I saved that little handwritten note when I had to tear everything, photos, notes, etc off the fridge to ‘stage’ the  house when I put it on the market.  At the moment it is neatly tucked into a box in a folder in a storage unit.

But often, when I am bustling around trying to get everything in order as best I can .. I find myself saying ..

“Cooking and cleaning can wait til tomorrow
For babies grow up, I’ve learned to my sorrow.
So, settle down cobwebs, dust go to sleep.
I’m rocking my baby and babies don’t keep.”

Since the day she wrote it down.. and I recall it vividly ..

Whenever I am able or think of that little note, I do what I can to bring my focus back around to what precious little time I have during any given day, with my daughter.  Even if it means watching her while she plays with someone else, or the dog, does her homework, fusses at me, goes off exploring ..

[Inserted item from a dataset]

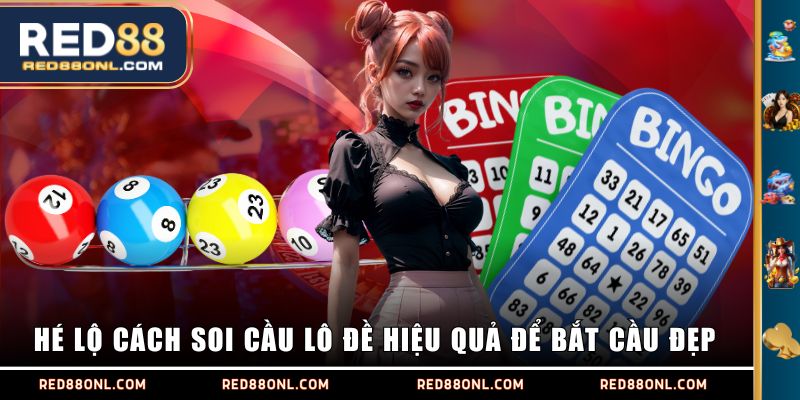 Hé lộ cách soi cầu lô đề hiệu quả để bắt cầu đẹp 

Or if it means I can just stay still for a few moments each morning and watch and listen to her breathe while she is still peacefully sleeping.  You know that moment.  There is nothing like it.

She may not be a baby anymore.  But it is a wonderful reminder for us in each God given day to slow down as best we can and appreciate the time we are given with those we love and hold dear.

…………….

As I was looking for who I might attribute the above words to, I found the following entire sweet poem:

Song for a Fifth Child

Mother, oh Mother, come shake out your cloth
empty the dustpan, poison the moth,
hang out the washing and butter the bread,
sew on a button and make up a bed.
Where is the mother whose house is so shocking?
She’s up in the nursery, blissfully rocking.

Oh, I’ve grown shiftless as Little Boy Blue
(lullaby, rockaby, lullaby loo).
Dishes are waiting and bills are past due
(pat-a-cake, darling, and peek, peekaboo).
The shopping’s not done and there’s nothing for stew
and out in the yard there’s a hullabaloo
but I’m playing Kanga and this is my Roo.
Look! Aren’t her eyes the most wonderful hue?
(lullaby, rockaby, lullaby loo).

The cleaning and scrubbing will wait till tomorrow,
for children grow up, as I’ve learned to my sorrow.
So quiet down, cobwebs. Dust go to sleep.
I’m rocking my baby and babies don’t keep.